The NDIS has responsibilities to the participants and providers.

The NDIS has a set of principles and rules that govern how it operates, and these apply to both the participants and the providers.

One of the key principles of the NDIS is that it is participant-driven. This means that participants have the right to choose their own goals, supports, and providers, and to have control and choice over their plans. The NDIS also has a responsibility to ensure that participants receive reasonable and necessary supports that are aligned with their goals and needs, and that their plans are regularly reviewed and updated as their circumstances change.

Another key principle of the NDIS is that it is market-based.
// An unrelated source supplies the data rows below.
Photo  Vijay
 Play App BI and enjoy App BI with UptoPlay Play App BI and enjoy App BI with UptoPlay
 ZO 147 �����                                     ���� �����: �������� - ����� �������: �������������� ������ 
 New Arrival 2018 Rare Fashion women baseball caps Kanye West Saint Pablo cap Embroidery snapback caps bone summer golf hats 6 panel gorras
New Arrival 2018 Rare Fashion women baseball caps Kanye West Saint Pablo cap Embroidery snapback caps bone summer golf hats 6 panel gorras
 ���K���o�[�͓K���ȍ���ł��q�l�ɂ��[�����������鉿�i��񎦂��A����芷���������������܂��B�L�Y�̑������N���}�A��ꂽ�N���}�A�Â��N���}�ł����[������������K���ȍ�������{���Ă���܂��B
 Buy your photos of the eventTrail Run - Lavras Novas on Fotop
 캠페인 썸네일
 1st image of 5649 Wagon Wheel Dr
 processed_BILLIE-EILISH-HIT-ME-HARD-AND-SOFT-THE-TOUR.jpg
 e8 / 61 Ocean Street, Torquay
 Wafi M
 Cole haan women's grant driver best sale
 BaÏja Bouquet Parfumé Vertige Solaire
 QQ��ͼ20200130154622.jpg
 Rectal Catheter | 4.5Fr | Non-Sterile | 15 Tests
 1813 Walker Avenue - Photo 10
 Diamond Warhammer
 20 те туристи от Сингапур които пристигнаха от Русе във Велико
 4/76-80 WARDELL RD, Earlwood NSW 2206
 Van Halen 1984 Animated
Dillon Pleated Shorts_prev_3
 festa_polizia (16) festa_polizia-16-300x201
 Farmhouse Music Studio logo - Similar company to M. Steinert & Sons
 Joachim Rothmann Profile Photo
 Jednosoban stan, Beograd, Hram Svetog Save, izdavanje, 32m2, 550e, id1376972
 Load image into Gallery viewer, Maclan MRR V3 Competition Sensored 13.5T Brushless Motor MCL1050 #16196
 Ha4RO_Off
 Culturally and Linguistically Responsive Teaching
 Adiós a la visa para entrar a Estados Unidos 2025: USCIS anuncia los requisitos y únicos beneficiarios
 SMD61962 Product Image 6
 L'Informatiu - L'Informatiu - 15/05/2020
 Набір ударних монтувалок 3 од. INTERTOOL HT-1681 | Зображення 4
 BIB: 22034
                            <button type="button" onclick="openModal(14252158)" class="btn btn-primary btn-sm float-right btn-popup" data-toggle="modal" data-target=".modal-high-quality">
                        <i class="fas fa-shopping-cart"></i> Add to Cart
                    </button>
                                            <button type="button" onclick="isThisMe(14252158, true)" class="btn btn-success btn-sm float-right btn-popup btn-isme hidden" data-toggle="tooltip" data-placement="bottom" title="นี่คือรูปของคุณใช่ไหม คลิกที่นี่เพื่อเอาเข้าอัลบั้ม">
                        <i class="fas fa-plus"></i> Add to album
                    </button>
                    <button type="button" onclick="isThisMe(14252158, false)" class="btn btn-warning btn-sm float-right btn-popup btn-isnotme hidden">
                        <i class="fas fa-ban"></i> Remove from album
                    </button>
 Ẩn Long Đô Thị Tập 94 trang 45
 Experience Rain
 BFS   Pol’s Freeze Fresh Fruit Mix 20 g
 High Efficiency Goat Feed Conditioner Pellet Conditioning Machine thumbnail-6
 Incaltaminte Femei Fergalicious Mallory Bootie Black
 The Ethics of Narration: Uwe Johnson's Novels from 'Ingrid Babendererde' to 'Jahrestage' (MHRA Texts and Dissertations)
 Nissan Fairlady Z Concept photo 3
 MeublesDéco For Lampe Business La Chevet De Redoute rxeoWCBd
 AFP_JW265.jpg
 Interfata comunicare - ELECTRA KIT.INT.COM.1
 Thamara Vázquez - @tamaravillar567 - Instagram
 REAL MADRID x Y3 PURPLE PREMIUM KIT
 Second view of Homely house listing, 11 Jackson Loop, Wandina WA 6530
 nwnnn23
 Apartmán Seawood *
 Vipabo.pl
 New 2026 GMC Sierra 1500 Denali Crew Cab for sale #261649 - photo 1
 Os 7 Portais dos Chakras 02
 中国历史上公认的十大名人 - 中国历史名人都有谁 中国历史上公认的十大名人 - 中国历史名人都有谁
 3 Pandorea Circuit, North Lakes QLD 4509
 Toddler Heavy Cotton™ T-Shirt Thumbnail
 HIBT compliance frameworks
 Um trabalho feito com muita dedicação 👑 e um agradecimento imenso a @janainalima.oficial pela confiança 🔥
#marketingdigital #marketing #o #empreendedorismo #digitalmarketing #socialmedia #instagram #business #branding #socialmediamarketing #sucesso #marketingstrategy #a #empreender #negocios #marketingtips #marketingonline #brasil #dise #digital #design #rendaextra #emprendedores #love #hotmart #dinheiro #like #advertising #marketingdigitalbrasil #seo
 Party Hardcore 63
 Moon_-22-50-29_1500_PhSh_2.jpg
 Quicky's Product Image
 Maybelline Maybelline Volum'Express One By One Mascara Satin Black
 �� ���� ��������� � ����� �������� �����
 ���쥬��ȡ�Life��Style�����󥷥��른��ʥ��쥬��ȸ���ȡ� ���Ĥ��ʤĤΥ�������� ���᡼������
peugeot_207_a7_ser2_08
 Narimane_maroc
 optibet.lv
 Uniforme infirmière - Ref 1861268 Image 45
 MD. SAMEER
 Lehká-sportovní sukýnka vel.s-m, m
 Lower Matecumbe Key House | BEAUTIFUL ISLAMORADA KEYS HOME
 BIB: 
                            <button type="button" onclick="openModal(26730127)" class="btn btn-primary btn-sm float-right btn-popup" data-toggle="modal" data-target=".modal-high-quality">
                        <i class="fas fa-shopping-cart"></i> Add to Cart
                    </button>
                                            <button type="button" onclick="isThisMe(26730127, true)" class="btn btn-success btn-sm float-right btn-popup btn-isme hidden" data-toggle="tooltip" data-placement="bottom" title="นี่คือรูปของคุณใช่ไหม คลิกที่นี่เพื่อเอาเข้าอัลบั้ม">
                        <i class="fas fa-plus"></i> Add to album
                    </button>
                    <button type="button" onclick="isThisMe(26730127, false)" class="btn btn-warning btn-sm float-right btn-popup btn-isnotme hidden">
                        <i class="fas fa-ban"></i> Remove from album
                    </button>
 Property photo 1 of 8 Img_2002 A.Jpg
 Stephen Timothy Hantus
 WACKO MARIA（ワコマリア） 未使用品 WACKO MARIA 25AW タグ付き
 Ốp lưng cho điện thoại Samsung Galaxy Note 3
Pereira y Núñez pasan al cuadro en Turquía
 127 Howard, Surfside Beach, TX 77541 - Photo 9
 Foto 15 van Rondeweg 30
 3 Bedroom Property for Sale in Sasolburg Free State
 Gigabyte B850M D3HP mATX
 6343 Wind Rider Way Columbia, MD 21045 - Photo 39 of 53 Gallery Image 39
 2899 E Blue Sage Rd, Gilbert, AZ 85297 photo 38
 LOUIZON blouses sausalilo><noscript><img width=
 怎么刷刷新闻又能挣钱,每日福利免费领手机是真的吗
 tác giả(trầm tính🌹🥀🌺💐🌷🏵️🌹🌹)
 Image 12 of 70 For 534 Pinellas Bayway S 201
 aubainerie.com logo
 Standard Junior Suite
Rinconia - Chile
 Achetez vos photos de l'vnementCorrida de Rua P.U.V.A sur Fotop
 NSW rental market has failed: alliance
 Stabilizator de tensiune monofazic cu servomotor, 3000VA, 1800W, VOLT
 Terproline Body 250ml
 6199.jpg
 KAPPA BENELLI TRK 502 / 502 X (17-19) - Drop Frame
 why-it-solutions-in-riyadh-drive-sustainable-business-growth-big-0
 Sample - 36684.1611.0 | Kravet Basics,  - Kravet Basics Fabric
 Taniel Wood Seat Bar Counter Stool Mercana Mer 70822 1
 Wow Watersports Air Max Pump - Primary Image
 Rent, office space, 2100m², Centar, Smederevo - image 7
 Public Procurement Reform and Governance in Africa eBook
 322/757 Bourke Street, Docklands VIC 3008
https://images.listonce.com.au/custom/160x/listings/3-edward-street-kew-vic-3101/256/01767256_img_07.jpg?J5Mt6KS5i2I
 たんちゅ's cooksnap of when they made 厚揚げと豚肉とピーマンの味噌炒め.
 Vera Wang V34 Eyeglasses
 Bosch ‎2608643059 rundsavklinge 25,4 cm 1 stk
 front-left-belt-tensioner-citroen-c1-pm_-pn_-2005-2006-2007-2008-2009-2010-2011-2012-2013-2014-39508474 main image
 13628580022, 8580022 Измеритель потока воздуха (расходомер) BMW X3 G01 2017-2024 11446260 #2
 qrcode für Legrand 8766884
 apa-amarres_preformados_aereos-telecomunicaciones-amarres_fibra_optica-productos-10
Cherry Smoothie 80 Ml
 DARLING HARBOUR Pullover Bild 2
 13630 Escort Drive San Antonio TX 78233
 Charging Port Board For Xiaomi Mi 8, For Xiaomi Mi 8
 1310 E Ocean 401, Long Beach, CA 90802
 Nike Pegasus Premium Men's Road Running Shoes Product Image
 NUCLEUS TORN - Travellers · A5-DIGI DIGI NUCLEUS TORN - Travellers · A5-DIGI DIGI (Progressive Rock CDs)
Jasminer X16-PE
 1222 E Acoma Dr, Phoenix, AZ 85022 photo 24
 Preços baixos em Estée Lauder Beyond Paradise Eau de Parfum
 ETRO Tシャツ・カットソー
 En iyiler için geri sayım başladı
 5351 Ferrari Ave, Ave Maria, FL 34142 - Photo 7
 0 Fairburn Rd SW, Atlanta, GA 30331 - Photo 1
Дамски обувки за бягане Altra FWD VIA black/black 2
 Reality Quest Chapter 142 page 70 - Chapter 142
This means that the providers have rights around their terms, and conditions, and to compete in a fair and transparent market. The NDIS also has a responsibility to ensure that the providers receive timely and accurate payments for the services they deliver, and that they are supported and regulated by the NDIS Quality and Safeguards Commission.

I think at this stage we all understand neither of these principles are being fully upheld and it regularly feels like that the NDIS is just "making things up as it goes". With rumours that there are over 60 thousand unread emails sitting in the enquiries inbox, and that NDIS staff are unable to keep up with requests for plan reviews, changes of situations and simple updates, it is no surprise that support coordinators and participants are exhausted, angry, and over it. 

I am personally working with multiple participants who are receiving no support, because their funding has attempts to get the NDIS to rectify these serious issues,  are like shouting into a void. 

For every unanswered email, and complaint put in, we put further pressure on an already broken system. So, who is to blame? It is 100% not Support Coordinators, I can tell you that.

So, what do you do when you are asked to work for free by a LAC or Planner?

Do you feel guilty if you do not continue to support a participant in need, but go unpaid? Does it drive you to keep working to the point of burnout? You need to take a breath and understand, that working for free undermines you, the participants, and the NDIS.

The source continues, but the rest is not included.